PAKPAK BHARAT. Ratusan petani yang tergabung dalam Serikat Petani Indonesia (SPI) Kabupaten Pakpak Bharat, Sumatera Utara melakukan aksi ke Kantor Bupati, DPRD dan Polres Pakpak Bharat, Senin (24/10). Aksi ini mendesak agar pemerintah mengakui hak ulayat masyarakat atas tanah.
Sekitar dua pekan yang lalu, tepatnya 11 Oktober 2011, seorang petani Desa Malum Kecamatan Sitelu Tali Urang Jehe Kabupaten Pakpak Bharat ditangkap oleh Kepolisian Resort Pakpak Bharat dengan tuduhan Pasal 50 yo Pasal 78 UU No. 41 Tahun 1999 yang menyatakan telah merusak hutan lindung. Padahal tanah yang dikelola oleh masyarakat Desa Malum ini merupakan tanah ulayat Marga Cibro yang sudah dikelola masyarakat secara turun temurun sampai sekarang Raja ke-12.
Aksi yang langsung dipimpin oleh Kepala Desa Malum ini menuntut agar pihak kepolisian segera membebaskan warga Desa Malum yang telah ditangkap sejak dua pekan yang lalu.
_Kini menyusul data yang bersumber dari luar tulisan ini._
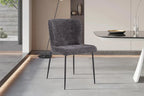 Chaise de salle à manger LISE Bouclé Gris foncé – 58 x 52 cm | TIKAYLA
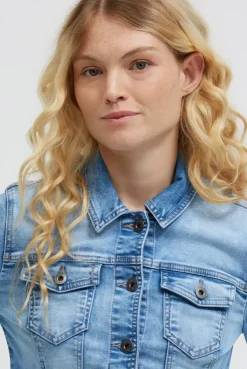 Jeansjacke JU:NE light blue print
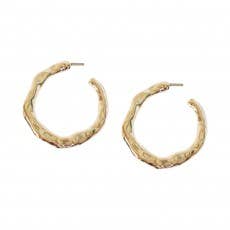 Hammered Hoop Earrings: Yellow Gold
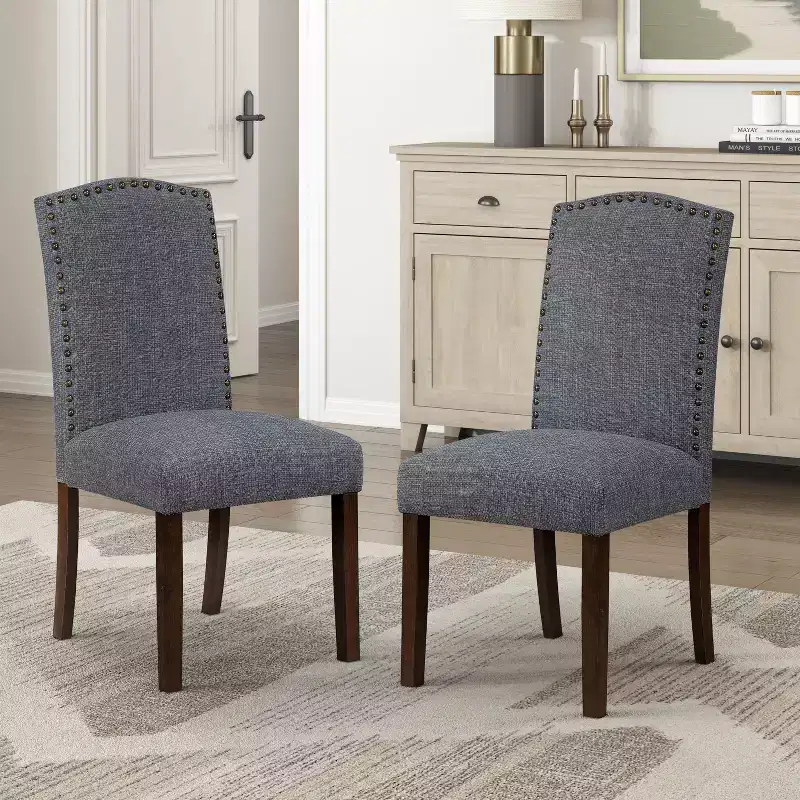 Gray / Taupe Modern Classic Armless Dining Chair, High Back, Set of 2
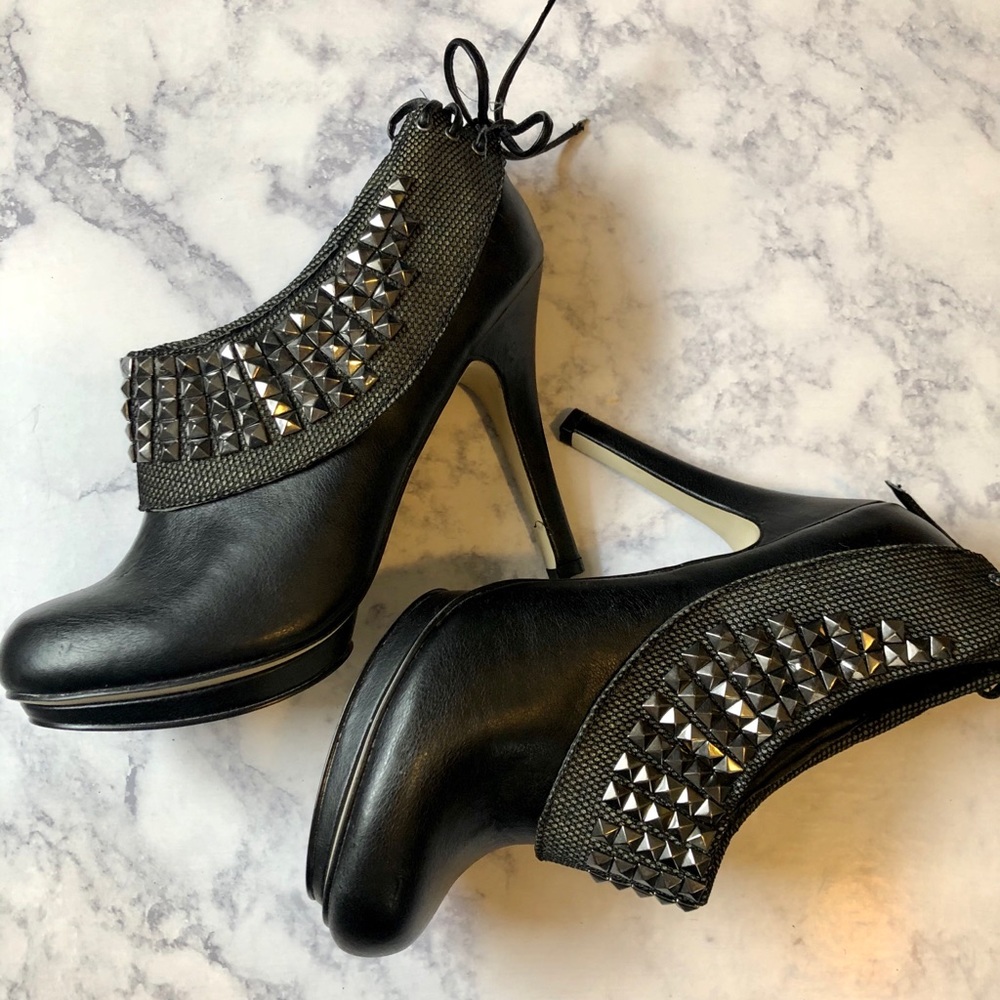Sexy black leather studded heels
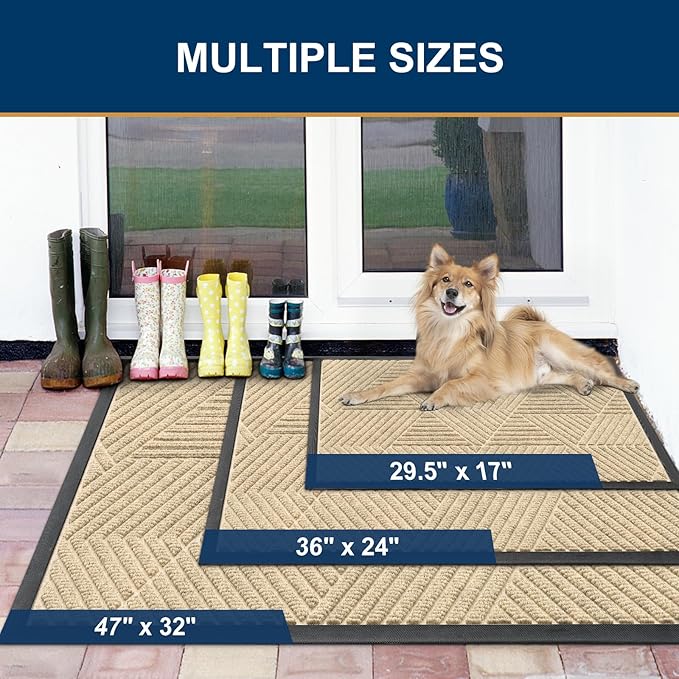 Smiry Front Door Mat Outside Entrance, Heavy Duty Sturdy Natural Rubber Doormat, Trap Dirt and Moisture, Easy Clean Low Profile Welcome Floor Mats for Indoor Outdoor Entry, 35X23 Inch, Cream White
“Bebaskan warga kami, hentikan tindak kriminalisasi terhadap petani yang mengelola tanah ulayatnya” ungkap Pendi Solin, Kepala Desa Malum Kecamatan Sitelu Tali Urang Jehe Kabupaten Pakpak Bharat.
Di kantor Bupati Kabupaten Pakpak Bharat, massa aksi diterima oleh Sekda Kabupaten Pakpak Bharat, Kohler Sinamo. Beliau menghargai massa petani yang menyuarakan pendapatnya secara damai dan dia berjanji akan melakukan koordinasi dengan pihak-pihak terkait mengenai penangkapan yang dialami oleh petani Desa Malum. Hal senada juga disampaikan oleh Ketua DPRD Kabupaten Pakpak Bharat mengenai tuntutan massa petani ini.
Sementara itu, Kapolres Pakpak Bharat yang didampingi oleh Kabareskrim menerima langsung perwakilan dari massa petani.
“Sesungguhnya pihak kepolisian merespon baik aksi damai yang digelar oleh petani Desa Malum ini dan mengakui hukum adat setempat” ujarnya.
Secara umum, aksi damai ini mengajukan tuntutan agar pihak kepolisian membebaskan petani Desa Malum, menghentikan tindak kriminalisasi dan diskriminasi terhadap penguasaan tanah ulayat dan hendaknya pemerintah mengakui hak ulayat dari masyarakat.
Ketua Adat Desa Malum, Sulang Silima Juli Cibro, mengatakan bahwa tidak seharusnya terjadi penangkapan terhadap petani Desa Malum.
“Ini merupakan tanah kami, warisan leluhur kami yang secara turun temurun kami kelola sebagai sumber mata pencaharian kami warga Desa Malum” tandasnya.
Wagimin, Ketua Badan Pelaksana Wilayah (BPW) SPI Sumatera Utara menambahkan bahwa SPI akan terus memperjuangkan kepentingan petani kecil yang sering terpinggirkan.
“Reforma agraria sejati adalah kunci untuk menyelesaikan masalah sengketa tanah di Indonesia ini,” tambahnya.